Despite his unceremonious exit from ESPN, it is hard to find anyone who has negative word to say about Skipper. He gave DAZN instant credibility when he was hired 12 months ago. Sports rainmakers might not have known DAZN, but they all knew Skipper.

“He was always an excellent dealmaker,” says CAA’s Khan. “He came in and started making deals where DAZN can gain ratings/subscribers, relevancy and revenue. The three things that matter most in the content business.”

Skipper’s deep connections mean that everyone returns his calls. He bumped into MLB commissioner Rob Manfred, who is an old friend, at an event last summer just before DAZN’s American launch. The meeting set the stage for a three-year, $300 million deal for a nightly live show, ChangeUp, giving DAZN subscribers live look-ins on the best MLB action—essentially NFL RedZone for baseball.
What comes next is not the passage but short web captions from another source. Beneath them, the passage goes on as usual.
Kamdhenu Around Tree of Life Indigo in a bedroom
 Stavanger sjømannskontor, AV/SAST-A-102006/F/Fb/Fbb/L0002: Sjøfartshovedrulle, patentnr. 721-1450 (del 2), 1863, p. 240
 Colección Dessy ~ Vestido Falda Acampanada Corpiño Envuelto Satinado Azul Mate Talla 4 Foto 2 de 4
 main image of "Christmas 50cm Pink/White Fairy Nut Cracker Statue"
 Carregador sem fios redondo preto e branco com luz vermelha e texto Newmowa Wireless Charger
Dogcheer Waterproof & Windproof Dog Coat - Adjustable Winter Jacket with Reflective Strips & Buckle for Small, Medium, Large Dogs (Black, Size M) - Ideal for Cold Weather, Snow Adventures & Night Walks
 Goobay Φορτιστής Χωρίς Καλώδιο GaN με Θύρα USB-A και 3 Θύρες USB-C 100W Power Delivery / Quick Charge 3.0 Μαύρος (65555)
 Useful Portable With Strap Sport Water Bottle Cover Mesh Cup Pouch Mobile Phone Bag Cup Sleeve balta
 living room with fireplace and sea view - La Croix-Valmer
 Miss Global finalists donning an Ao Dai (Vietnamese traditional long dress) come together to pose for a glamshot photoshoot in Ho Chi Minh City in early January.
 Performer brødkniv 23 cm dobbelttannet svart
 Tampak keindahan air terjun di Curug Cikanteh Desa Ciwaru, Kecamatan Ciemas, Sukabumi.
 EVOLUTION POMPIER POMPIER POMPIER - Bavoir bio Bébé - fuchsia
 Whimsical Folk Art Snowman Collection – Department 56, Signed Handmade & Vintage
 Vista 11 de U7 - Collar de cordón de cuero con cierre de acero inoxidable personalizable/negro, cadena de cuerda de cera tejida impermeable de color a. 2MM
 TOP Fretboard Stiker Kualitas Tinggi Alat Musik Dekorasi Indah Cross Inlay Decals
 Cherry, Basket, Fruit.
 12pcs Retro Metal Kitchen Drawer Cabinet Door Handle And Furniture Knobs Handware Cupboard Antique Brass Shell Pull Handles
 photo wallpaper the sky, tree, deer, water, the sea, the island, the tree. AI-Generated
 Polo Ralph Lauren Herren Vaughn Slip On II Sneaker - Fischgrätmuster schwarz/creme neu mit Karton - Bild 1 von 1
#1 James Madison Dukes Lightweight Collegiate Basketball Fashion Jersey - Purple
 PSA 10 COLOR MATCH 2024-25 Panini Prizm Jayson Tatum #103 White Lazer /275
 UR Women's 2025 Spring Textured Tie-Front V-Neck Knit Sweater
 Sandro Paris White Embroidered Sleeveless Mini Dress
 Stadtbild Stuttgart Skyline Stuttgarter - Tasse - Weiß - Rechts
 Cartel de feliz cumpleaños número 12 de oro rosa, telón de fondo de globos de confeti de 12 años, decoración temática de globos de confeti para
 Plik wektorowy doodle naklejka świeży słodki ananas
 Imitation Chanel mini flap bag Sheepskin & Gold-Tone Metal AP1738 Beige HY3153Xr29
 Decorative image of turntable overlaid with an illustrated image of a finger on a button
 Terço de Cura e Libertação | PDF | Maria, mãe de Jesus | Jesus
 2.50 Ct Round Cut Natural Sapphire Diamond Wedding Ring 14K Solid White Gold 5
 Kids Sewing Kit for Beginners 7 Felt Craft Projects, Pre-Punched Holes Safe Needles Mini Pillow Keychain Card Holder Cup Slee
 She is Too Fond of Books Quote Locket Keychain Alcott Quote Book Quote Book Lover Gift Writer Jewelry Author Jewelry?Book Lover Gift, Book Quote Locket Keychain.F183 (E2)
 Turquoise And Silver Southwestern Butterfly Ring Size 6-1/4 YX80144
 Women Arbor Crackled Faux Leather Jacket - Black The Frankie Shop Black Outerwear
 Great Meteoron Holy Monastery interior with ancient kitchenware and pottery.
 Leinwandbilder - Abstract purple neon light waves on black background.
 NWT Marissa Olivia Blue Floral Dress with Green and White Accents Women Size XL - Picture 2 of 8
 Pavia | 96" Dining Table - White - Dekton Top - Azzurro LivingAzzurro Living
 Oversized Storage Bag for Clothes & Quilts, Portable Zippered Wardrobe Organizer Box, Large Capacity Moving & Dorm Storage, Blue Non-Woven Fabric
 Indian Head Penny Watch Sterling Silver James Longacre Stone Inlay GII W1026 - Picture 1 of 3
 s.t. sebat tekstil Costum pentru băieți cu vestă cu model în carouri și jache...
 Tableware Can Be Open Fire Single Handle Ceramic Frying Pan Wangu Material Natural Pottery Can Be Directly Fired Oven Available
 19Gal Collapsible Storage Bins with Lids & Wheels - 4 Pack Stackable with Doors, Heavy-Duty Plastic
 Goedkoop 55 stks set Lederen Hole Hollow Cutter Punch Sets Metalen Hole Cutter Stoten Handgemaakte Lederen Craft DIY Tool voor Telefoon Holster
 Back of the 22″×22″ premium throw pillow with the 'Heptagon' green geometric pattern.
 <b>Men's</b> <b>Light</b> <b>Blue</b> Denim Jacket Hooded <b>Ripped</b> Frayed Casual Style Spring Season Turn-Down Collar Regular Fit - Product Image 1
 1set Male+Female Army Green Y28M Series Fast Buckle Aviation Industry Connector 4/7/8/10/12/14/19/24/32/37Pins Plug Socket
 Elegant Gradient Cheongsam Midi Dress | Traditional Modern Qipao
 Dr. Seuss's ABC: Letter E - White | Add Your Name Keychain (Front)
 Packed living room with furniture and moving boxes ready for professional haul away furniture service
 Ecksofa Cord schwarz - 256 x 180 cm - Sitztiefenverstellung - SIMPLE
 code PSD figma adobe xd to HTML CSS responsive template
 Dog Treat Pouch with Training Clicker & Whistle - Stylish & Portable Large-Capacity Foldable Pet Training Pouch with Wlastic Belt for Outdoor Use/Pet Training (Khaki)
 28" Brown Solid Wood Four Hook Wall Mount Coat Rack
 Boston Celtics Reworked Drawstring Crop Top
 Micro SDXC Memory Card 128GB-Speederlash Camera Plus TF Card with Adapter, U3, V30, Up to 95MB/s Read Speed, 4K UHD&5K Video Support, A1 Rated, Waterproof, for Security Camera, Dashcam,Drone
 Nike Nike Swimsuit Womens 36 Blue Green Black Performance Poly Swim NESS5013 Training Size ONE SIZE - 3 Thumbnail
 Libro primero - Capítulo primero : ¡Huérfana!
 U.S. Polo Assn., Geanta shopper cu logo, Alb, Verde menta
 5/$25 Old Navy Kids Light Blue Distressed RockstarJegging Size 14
“I have a history of good partnerships and there is a level of trust,” says Skipper. “There is a reason no one has ever suggested I was tricky in any of these deals. I intend to do the same thing here. You build on that level of trust.”

For MLB, whose average viewer is 58 years old according to Nielsen, it is a way to reach a younger demographic. For DAZN, Skipper says, “It was a little declaration that we’re here, and we’re going to be around for the next round of media rights bids, but we’re not necessarily waiting. We want to be in business now.”

“There will be the existing partners and possibly tech companies, plus pure-play over-the-top,” says Skipper about the next round of sports rights bids. “You will have at least one pure-play OTT at the table and that will be DAZN.”

As the technology continues to improve, more and more video, including sports, will be watched over the internet. “The pay TV model is the best model for media in the history of the universe,” says Skipper. “Will OTT be better? In some ways, yes. It will be better mostly because of interactivity and the ability to not be constrained by a linear stream.”

DAZN believes it can handle up to 10 million concurrent streams. It hasn’t had an event to test that many but did have more than one million for the Joshua fight in September. There were recently 800,000 concurrent live streams in Italy without any significant issue for a Serie A soccer match, which represented 24% of the Italian broadband infrastructure at the time.

All of which explains why DAZN is among the parties talking to the NFL about the NFL Sunday Ticket, according to sources. Skipper won’t comment on a potential NFL deal but reveals his hand when he talks about the future of sports media rights bids. “There will be the existing partners and possibly tech companies, plus pure-play over-the-top,” he says confidently. “You will have at least one pure-play OTT at the table and that will be DAZN.”